4.1.2. Plot the weekly routine for participant 100 and 200

pl <- ggplot(pattern) +
geom_segment(aes(x=activity, xend=activity, y=startTime, yend=endTime, color = activity), size = 10) +
geom_hline(yintercept = as_datetime("2022-03-07 00:00:00"), color = "black", 
           linetype = 'dashed', size = 1, alpha = 0.5) +
geom_hline(yintercept = as_datetime("2022-03-08 00:00:00"), color = "black", 
           linetype = 'dashed', size = 1, alpha = 0.5) +
geom_hline(yintercept = as_datetime("2022-03-09 00:00:00"), color = "black", 
           linetype = 'dashed', size = 1, alpha = 0.5) +
geom_hline(yintercept = as_datetime("2022-03-10 00:00:00"), color = "black", 
           linetype = 'dashed', size = 1, alpha = 0.5) +
geom_hline(yintercept = as_datetime("2022-03-11 00:00:00"), color = "black", 
           linetype = 'dashed', size = 1, alpha = 0.5) +
geom_hline(yintercept = as_datetime("2022-03-12 00:00:00"), color = "black", 
           linetype = 'dashed', size = 1, alpha = 0.5) +
geom_hline(yintercept = as_datetime("2022-03-13 00:00:00"), color = "black", 
           linetype = 'dashed', size = 1, alpha = 0.5) +
theme_bw() +
facet_grid(participantId ~ .)+
labs(x = 'Location', y = "Date Time", title = "Weekly routine of participantId 100 and 200" ) +
coord_flip() 

pl

4.2.1. Extract 8 March 2022 data for participant 100 and 200

pattern2 <- activity %>% filter(participantId == 100 | participantId == 200) %>%
  filter(as.character(endTime) > "2022-03-08 00:00:00") %>%
  filter(as.character(endTime) < "2022-03-09 08:00:00")

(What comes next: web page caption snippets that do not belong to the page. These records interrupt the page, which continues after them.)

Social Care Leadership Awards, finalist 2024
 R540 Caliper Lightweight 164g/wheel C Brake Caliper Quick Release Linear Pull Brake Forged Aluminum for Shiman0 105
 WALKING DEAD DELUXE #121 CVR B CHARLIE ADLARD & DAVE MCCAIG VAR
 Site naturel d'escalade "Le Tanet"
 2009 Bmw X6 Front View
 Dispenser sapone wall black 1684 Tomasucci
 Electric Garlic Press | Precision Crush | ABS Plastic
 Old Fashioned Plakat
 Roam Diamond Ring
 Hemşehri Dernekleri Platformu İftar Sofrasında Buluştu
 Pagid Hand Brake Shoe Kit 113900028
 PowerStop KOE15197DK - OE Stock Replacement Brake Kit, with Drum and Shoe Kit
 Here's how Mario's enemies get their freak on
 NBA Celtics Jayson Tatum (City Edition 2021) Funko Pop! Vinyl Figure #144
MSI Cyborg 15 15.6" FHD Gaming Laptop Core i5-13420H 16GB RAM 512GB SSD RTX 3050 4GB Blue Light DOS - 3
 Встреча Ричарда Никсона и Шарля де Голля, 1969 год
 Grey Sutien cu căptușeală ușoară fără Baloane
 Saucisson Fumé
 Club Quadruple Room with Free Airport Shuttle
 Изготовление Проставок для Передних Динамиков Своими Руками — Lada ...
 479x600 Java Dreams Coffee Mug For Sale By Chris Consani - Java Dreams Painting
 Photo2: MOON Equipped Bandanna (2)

4.2.2. Plot Tuesday, 8 March 2022 routine for both participants

pl2 <- ggplot(pattern2) +
geom_segment(aes(x=activity, xend=activity, y=startTime, yend=endTime, 
                             color = activity), size = 10) +
geom_hline(yintercept = as_datetime("2022-03-07 00:00:00"), color = "black", 
           linetype = 'dashed', size = 1, alpha = 0.5) +
geom_hline(yintercept = as_datetime("2022-03-08 00:00:00"), color = "black", 
           linetype = 'dashed', size = 1, alpha = 0.5) +
geom_hline(yintercept = as_datetime("2022-03-09 00:00:00"), color = "black", 
           linetype = 'dashed', size = 1, alpha = 0.5) +
geom_hline(yintercept = as_datetime("2022-03-10 00:00:00"), color = "black", 
           linetype = 'dashed', size = 1, alpha = 0.5) +
theme_bw() +
facet_grid(participantId ~ .)+
labs(x = 'Location', y = "Date Time", title = "Routine of participantId 100 and 200 on 8 March 2022" ) +
coord_flip() 

pl2

Based on the chart plotted above, we notice the following similarities and differences between participantId 100 and 200:

Work

● Similarities : Both participant 100 and 200 work 5 days a week. ● Differences : Participant 100 works from Tuesday - Saturday whereas participant 200 works from Monday - Friday. Participant 100 starts and end work slightly later as compared to participant 200.

Lunch

● Differences : Participant 200 goes for lunch at a much later timing as compared to participant 100. Participant 200 takes lesser time to travel from work to the eating place as compares to participant 100.

Commute home from work

● Similarities : The commute home from work is roughly the same for both participants.

Going Home

● Differences : As participant 200 ends work slightly earlier, participant 200 also reaches home slighlty earlier than participant 100.

Recreation

● Similarities : Both participants do not go to pubs on working days. ● Differences : For this particular week, participant 200 does not go to the pub whereas particpant 100 goes on non-working days.

Weekends

● Differences : Participant 200 spent the weekend at home whereas participant 100 went out to the restaurant and pubs.